Reflections on Gartner’s IRM Magic Quadrant

Steven O'Donnell |

For the past seven years, I have been a product marketer focused on the growing and changing technology needs of corporate legal departments. In a world where business moves faster than ever and where company results can be impacted by a myriad of external forces including public perception, geographical expansion, new regulations, and employee incidents, the stakes for the Office of the General Counsel and the legal department have never been higher.

Given that backdrop, I was incredibly excited when I first heard that Gartner was creating a new magic quadrant on Integrated Risk Management (IRM) that included Enterprise Legal Management (ELM) as a core component. ELM plays a critical role in enabling Mitratech’s clients to manage legal and compliance risk, and in general there has been a lack of analysis on the related technology and solutions.

Gartner defines IRM as “the combined technology, processes and data that serves to fulfill the objective of enabling the simplification, automation and integration of strategic, operational and IT risk management across an organization.” This definition really reflects trends we are observing with our clients, as they strive to extend legal operations out across the enterprise to improve collaboration and mitigate risks before they become legal matters or incidents.

The Evolving Role of the General Counsel

Mitratech’s 30-year history providing the ELM solutions used to manage their core legal processes and operations has provided us considerable insight into the evolution of the role of the General Counsel (GC). That insight really differentiated us from some of the other vendors who were mapped by Gartner in their IRM Magic Quadrant, and helped Mitratech attain Gartner’s recognition of us in that report as a IRM “Visionary.”

The GC’s role historically was centered on the management of outside counsel relationships while also acting as a legal advisor to the rest of the company. For decades, legal departments aspired to become less reactive and more predictable, while being better partners with the rest of the organization. However, over the past decade, the role of the GC has been shifting and expanding, and what started as a gradual change has turned into a real force that is driving our product strategy.
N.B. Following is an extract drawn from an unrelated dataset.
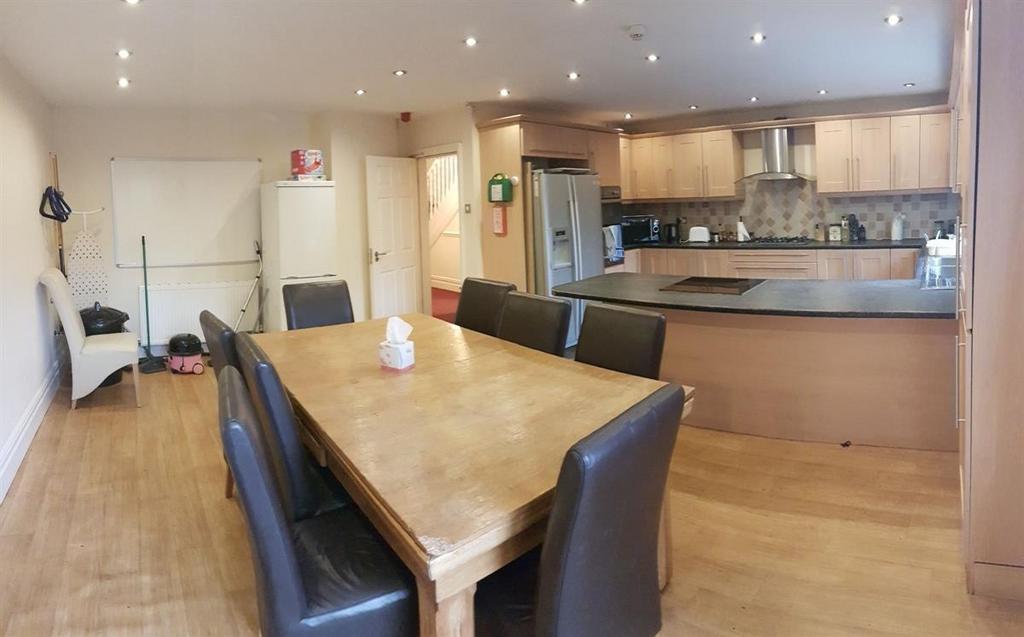 A bright, spacious living area featuring a wood...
Today the General Counsel is frequently responsible for Risk and Compliance as well. What was a legal advisor for the corporation is now a strategic advisor to the CEO and Board of Directors.

  • According to a 2016 NYSE Governance Services Survey report conducted by the firm of BakerGilmore, 97% of US corporate executive officers and directors expect the GC to be part of the executive management team by the year 2020, an increase of 16 percentage points from 10 years ago. This same survey shows that the number of GC’s acting as the Chief Risk Officer is expected to more than double by 2020.
  • According to the Global Legal Post and their report The Law Department of the Future and General Counsel Excellence, more than 50% of GC’s now identify their function as something other than managing the legal department. In fact, almost 1/3 describe themselves as a stakeholder in business decisions, and 30% see compliance as the biggest threat to the business.

As the role of the GC continues to evolve into a strategic risk manager for the organization, our technology needs to continue to extend with it in order to remain the trusted technology partner of corporate legal professionals, regardless of their practice areas.

Addressing a New World of Risk

The operational concerns of corporations, along with legal requirements and regulatory changes, create complex, overlapping obligations that our clients are forced to manage. Passive management—or worse, reactive response—is no longer an option. The risks and resulting costs of complacency, both in terms of opportunities unrealized and the negative impact on profitability, can be too damaging.

One only needs to look at recent examples of Volkswagen, whose emissions scandal could hit $87B in a worst-case scenario, according to Credit Suisse estimates, or the recent Equifax breach of 143 million accounts to understand the scale of risk management today and how it can impact every part of an organization. These elements intersect to create a complexity unprecedented in our corporate history, and we only see this challenge growing over the next 5 years.

In this new world, risk managers from around the company will realize the incremental benefits of collaboration and a single source of truth for managing legal, regulatory, and operational risk. I really appreciate the work that Gartner has done in establishing the IRM category and creating a framework for technology providers to be measured against, and look forward to the continued evolution of solutions created to meet evolving risk management needs.